Some parents pull their daughters from teams and search for a new team. Some players decide to hang up their cleats. Some coaches look for replacements or players to fill specific key positions. Parents do what they feel is best their daughters, while coaches do what they feel is best for their teams. These things happen every fall. Sometimes before parting ways adults can agree to disagree, while other times they cannot. And sometimes teams will simply disband. There's no "one size fits all" solution, since there are too many variables to discuss here.
While leaving a team can be painful, the pain is temporary. The most important question if you find your daughter in such a situation is, "What are you going to do if she decides to stay on the team?"
Parent Do's & Don'ts If She Stays
- This is your daughter's team for the year. Constantly complaining and stirring up other parents, backstop coaching or bashing the coaches, other players and parents in front of your daughter is only going to make everything much worse. So, try to make the best of it for your daughter's sake.
- Ask to have a private meeting with the coaches without your daughter. Ask all the questions that are eating at you. This is your chance to make your case. Maybe the coach will see things your way. Maybe he won't. When you're finished, accept what you can and cannot change. Refrain from feeling the need for weekly meetings of this nature.
- If it doesn't look like it will be a banner year for the team, try to keep things in perspective. Is your daughter: a)Getting valuable playing experience? b)Having fun? c)Learning? Playing on a losing team is a huge challenge for you and your daughter. It will either push her away from the game or make her want to earn her way onto a better team in the future.
- The game of softball is heavily dependent upon pitching. If pitching is weak on your team, the only positive way to look at it might be that your daughter's going to get some extra fielding practice ;-) You and your daughter will have to practice patience if it comes to walks and wild pitches. Remember, the two of you decided to stay.
- If she's not playing "her" position, try to appreciate that she's getting experience at another position. Girls who can play multiple positions are of much greater value to high school, travel and college coaches.
It was not all unicorns and sunshine. Nothing ever is.
Coaches Do's & Don'ts
- This is your team and your players (and parents). You committed to each and every one of them. It's now your responsibility to help them be the best they can be and accept the fact that some of the players may fall short of your expectations. If you cannot handle it, you should either disband the team or give somebody else the opportunity to coach it.
- Be honest. Don't make promises you cannot keep. Remain calm. Realize that it is easier to coach a group of highly talented prospects than it is to coach lesser athletes. Challenge yourself to be the best you can be.
- Remember that all you can ask your players to do is to control their attitude, effort and focus. If they're doing so, you must be prepared to accept the results.
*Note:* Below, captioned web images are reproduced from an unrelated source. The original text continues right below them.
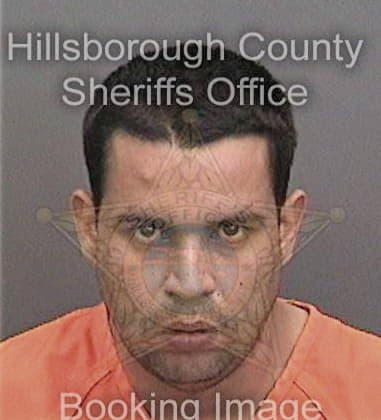 Michael Gaias, - Hillsborough County, FL 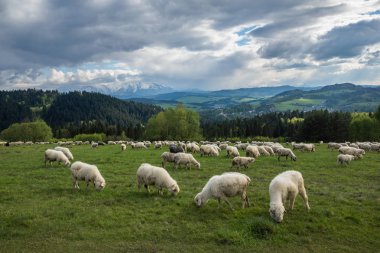 Baharda bir çayırda koyun Tatra Mo 'nun arka planına karşı.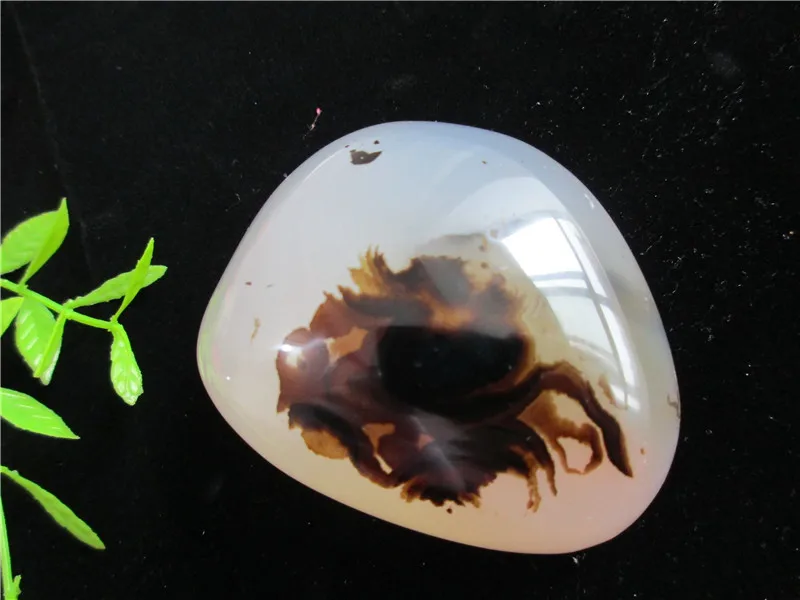 Natural Polished Aquatic Plants Agate Crystal Madagascar crystal stone specimens for Mineral samples
Natural Polished Aquatic Plants Agate Crystal Madagascar crystal stone specimens for Mineral samples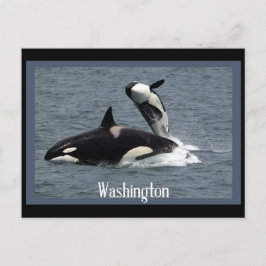 Washington Whales Postcrossover Briefkaart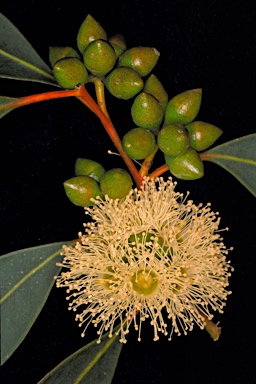 APII jpeg image of Eucalyptus x phylacis  © contact APII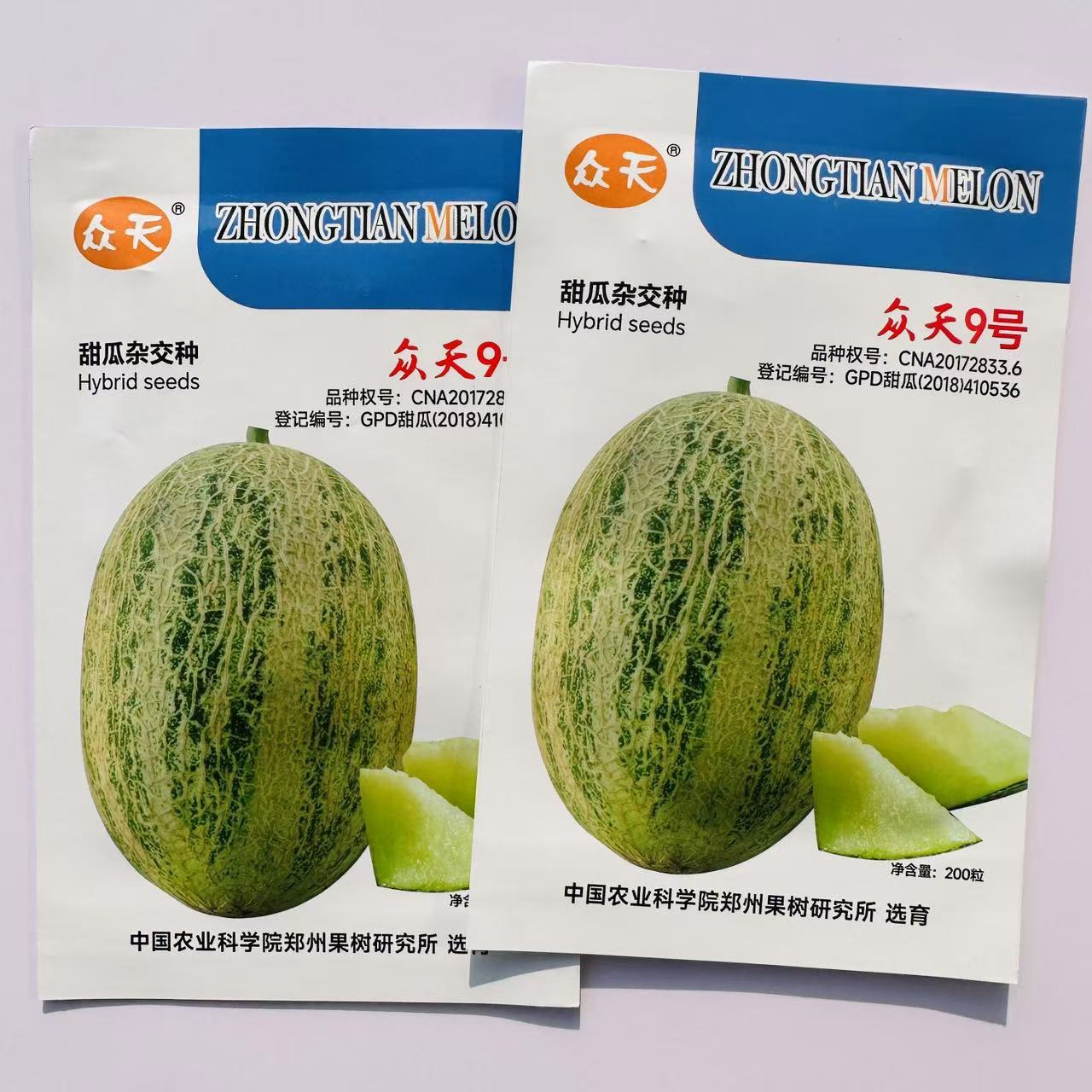 众天9号甜瓜种子中熟网纹厚皮香瓜种子肉脆细嫩无渣春秋水果种子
- Make the best of the situation. You don't want to see you players having pity parties, so don't throw your own. In competition you will win and you will lose. Teach your players how to handle both and about sportsmanship. Hold them accountable for their mistakes, but praise them for their efforts even in defeat.
The Bottom Line
I was a coach who stuck it out for a season with a lesser talented team. After honoring that commitment, I stopped coaching and found a team for my daughter. She earned a spot on the team at tryouts and played 7 years for them, but it was not all unicorns and sunshine. Nothing ever is. There were times we considered leaving, but decided to stay. We stayed and made the best of it. As parents we only want what's best for our daughters. You have to make a decision to stay or go and not look back. What ever you decide, make the best of it. Sometimes the grass is greener on the other side of the fence and sometimes it's not.
I just checked our local softball forums and as is the case every single year, there are players looking for teams and coaches looking for players. There's a lot of people pushing the panic button. I've seen people find better situations and worse. Best of luck if either of those are in your future.